The Collectors: Timothy Corrigan
The interior designer displays his cache of nearly 150 portraits in his breathtaking Loire Valley chateau
One could say interior designer Timothy Corrigan is a collector of many things. Châteaux, for example, as he’s bought, restored, and sold more than some people have ever set foot in. His third book, which will be published by Rizzoli next year, showcases his latest historic manse, Château de la Chevallerie, located in the Loire Valley, where he displays his most prized collection: 143 portraits hung as a grand collage up the sweeping three-story stair.

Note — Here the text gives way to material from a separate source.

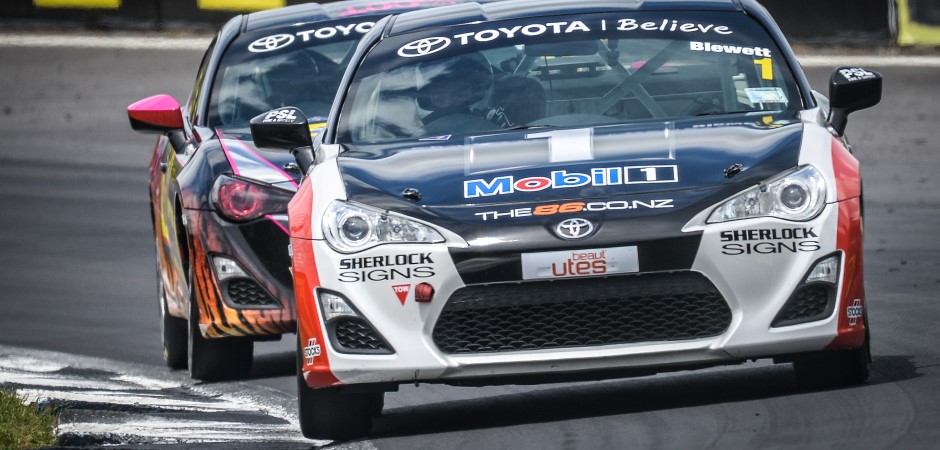 New Championship leader Ash Blewett locked in battle with Ryan Yardley at Pukekohe 940x450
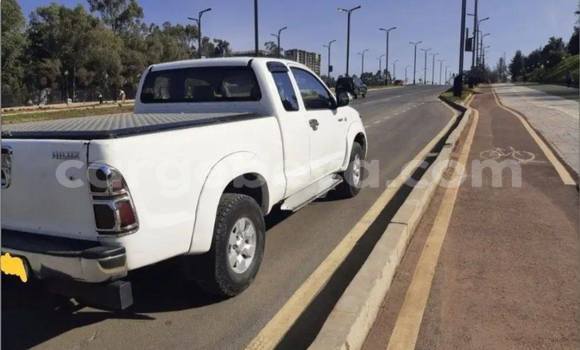 ይግዙ ያገለገለ Toyota Hilux ነጭ መኪና በ Addis ababa በ Africa ይግዙ ያገለገለ Toyota Hilux ነጭ መኪና በ Addis ababa በ Africa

“What I love is that a portrait is never just a picture of the individual,” he says of his paintings, which include works by John Singer Sargent, Carolus-Duran, and Jacques-Louis David, as well as ones that cost as little as $400. “There’s so much that it tells you about that person based on the way they choose to be featured in that painting, their setting, what they’re wearing, how they’re looking at you.”
Familial ties: “I got started because I inherited a lot of family portraits. When I moved to Paris in 1987, I began buying 19th-century paintings because they were more affordable, and then moved into 18th century and more recently, 20th century. For example, I’ve got a Robert Mapplethorpe photo of Grace Jones painted by Keith Haring.”
Who’s who: “It’s about so much more than owning them. I love the whole process of finding them and doing the research on the people. I always try to make a point of learning what I can about who they were in history—no matter how important.”